Wenn das richtige Tun das aktuelle Gebot der Liebe um der Richtigkeit willen ignoriert,
ist es falsch. Wer das Passende tut, der exponiert sich, geht ein Risiko ein. Wer es
durch Richtigkeiten ersetzt, sichert sich ab, um den Preis der Unbarmherzigkeit. Die
gelebte Barmherzigkeit ist stets eine mutige Grenzüberschreitung. Barmherzigkeit ist
stets ein Handeln, gegen das es gute Gründe gibt, denn sie findet nur dort statt, wo
die eigene Sicherheit verlassen wird. Wenn die Abgrenzungsfrage umgekehrt wird, dann
wandelt sich die Sicherung zur Öffnung. Ich lasse mich in Beschlag nehmen von dem,
was der andere braucht. Ich gebe ihm, was ich ihm geben kann, weil er es braucht.

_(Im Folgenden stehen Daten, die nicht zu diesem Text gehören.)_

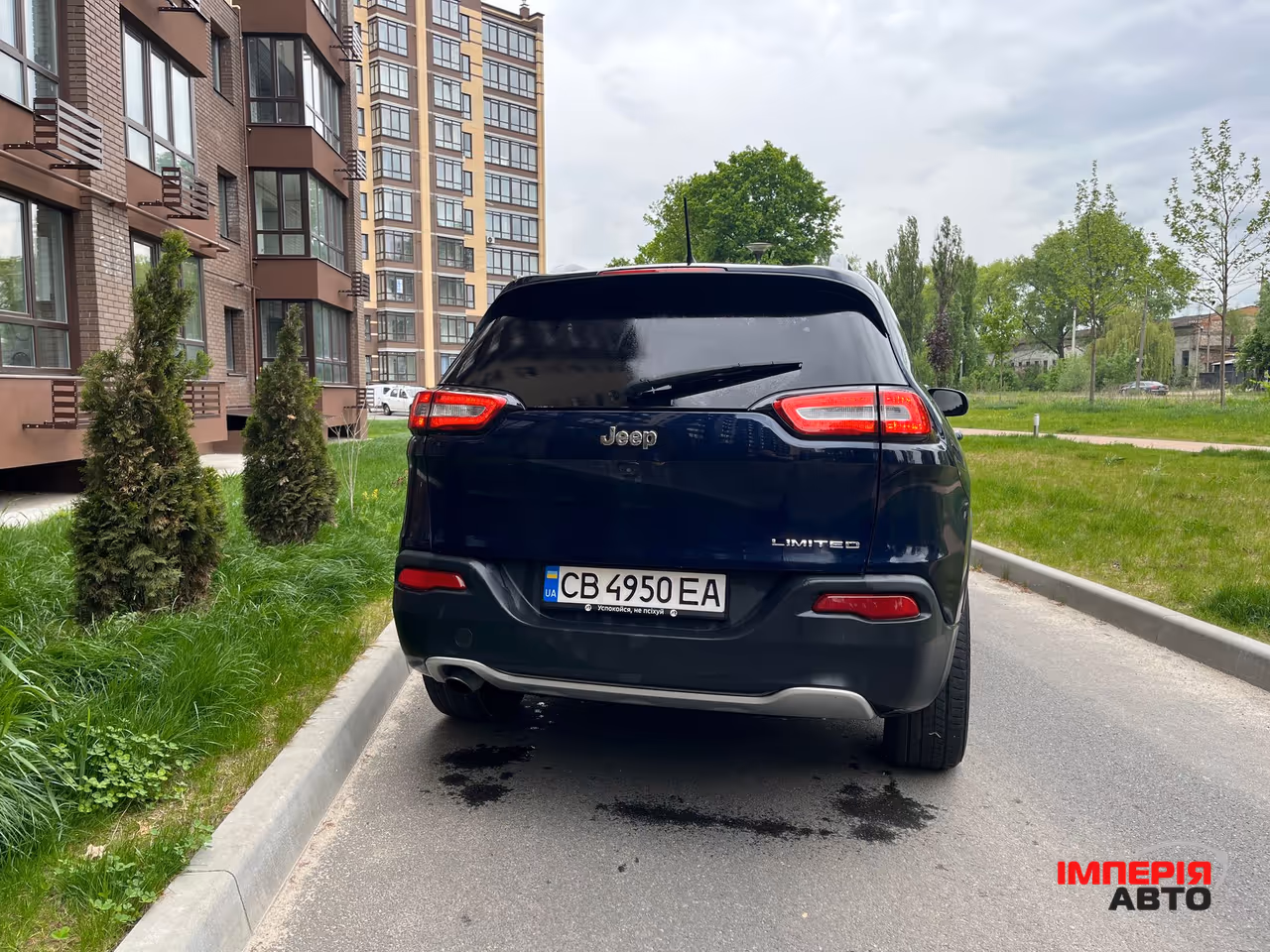 Jeep Cherokee - фото 5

Ich schenke her und verleugne mich selbst dabei, um mich selbst zu vergessen. Ich
kann nicht gleichzeitig Eigenansprüche stellen und barmherzig sein. Es ist wie bei
einem Kippbild: Entweder sehe ich den anderen oder ich sehe mich. Darin liegt das
Risiko: Um des Nächsten willen die eigene Absicherung loszulassen.